**STUDY MATERIAL:**
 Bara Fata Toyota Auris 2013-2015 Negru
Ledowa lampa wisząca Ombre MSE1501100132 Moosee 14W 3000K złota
==
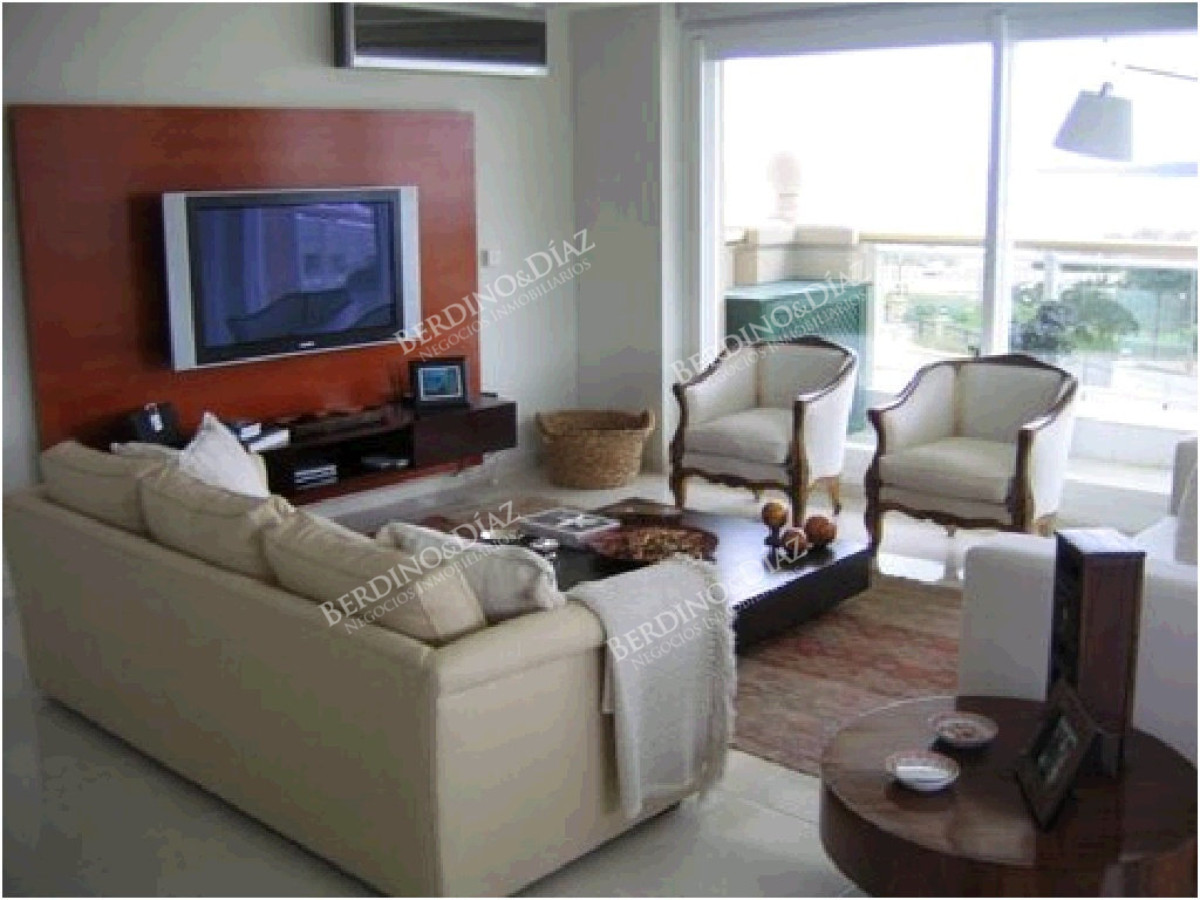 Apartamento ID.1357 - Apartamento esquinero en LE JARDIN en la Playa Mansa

**TASK REQUIREMENTS:**
Please reproduce exactly the lines in the listing above from the one containing "Bara Fata Toyota Auris 2013-2015 Negru" through the one containing "Ledowa lampa wisząca", both included, and nothing more.

**SOLUTION TO THIS EXERCISE:**
 Bara Fata Toyota Auris 2013-2015 Negru
Ledowa lampa wisząca Ombre MSE1501100132 Moosee 14W 3000K złota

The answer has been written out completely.